(Stored data entries)
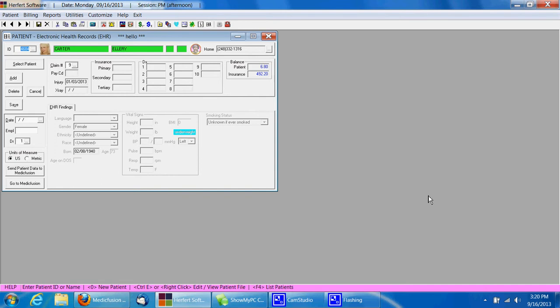Today I'm going to show you how easy it is to enter data into Hereford software, send it to MedicFusion, and then continue entering the data in MedicFusion for the EHR, electronic health records.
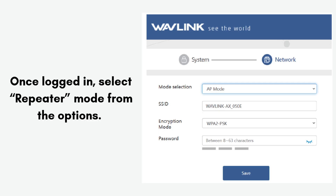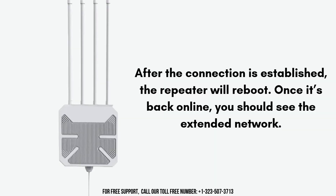Once logged in, select repeater mode from the options. You'll be asked to scan for available Wi-Fi networks. Select your primary network and enter the password. After the connection is established, the repeater will reboot. Once it's back online, you should see the extended network.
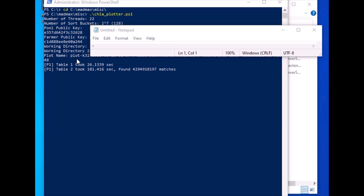The plot is already being created. It took about 27 seconds for the first table and 181.4 seconds for the second table, and it's building up. I'm going to let it run for the next 24 hours and then compare it with the Swarplotter. I know I got about 22 to 24 plots per day with Swarplotter, so let's see how many I get with Mad Max.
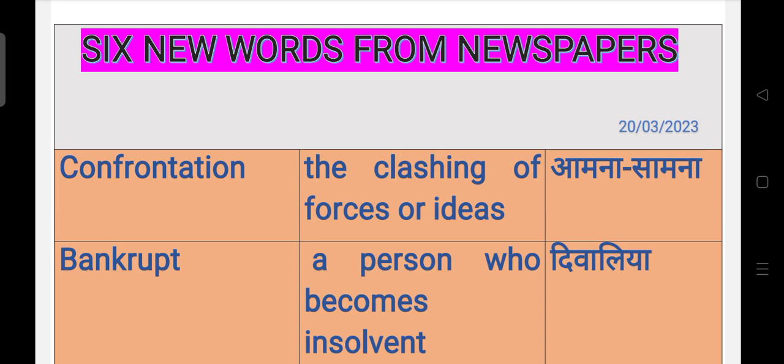One is confrontation. Confrontation means the clashing of forces or ideas, or conflict is also called आमना-सामना.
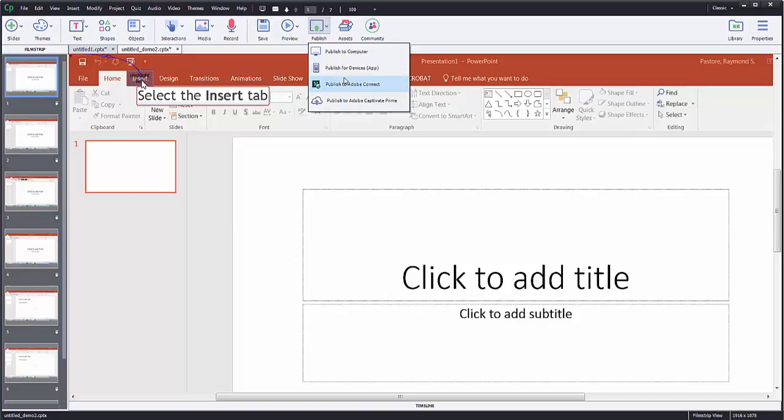And finally, you can publish to your Adobe Connect or publish it in the cloud here if you would like to do that. And those are options, but I think the most common option everyone's going to use is publish to computer.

▶ _Task requirements_: The output must match the records word for word, except that no pictures appear.

▶ _Solution_:
Today I'm going to show you how easy it is to enter data into Hereford software, send it to MedicFusion, and then continue entering the data in MedicFusion for the EHR, electronic health records.
Once logged in, select repeater mode from the options. You'll be asked to scan for available Wi-Fi networks. Select your primary network and enter the password. After the connection is established, the repeater will reboot. Once it's back online, you should see the extended network.
The plot is already being created. It took about 27 seconds for the first table and 181.4 seconds for the second table, and it's building up. I'm going to let it run for the next 24 hours and then compare it with the Swarplotter. I know I got about 22 to 24 plots per day with Swarplotter, so let's see how many I get with Mad Max.
One is confrontation. Confrontation means the clashing of forces or ideas, or conflict is also called आमना-सामना.
And finally, you can publish to your Adobe Connect or publish it in the cloud here if you would like to do that. And those are options, but I think the most common option everyone's going to use is publish to computer.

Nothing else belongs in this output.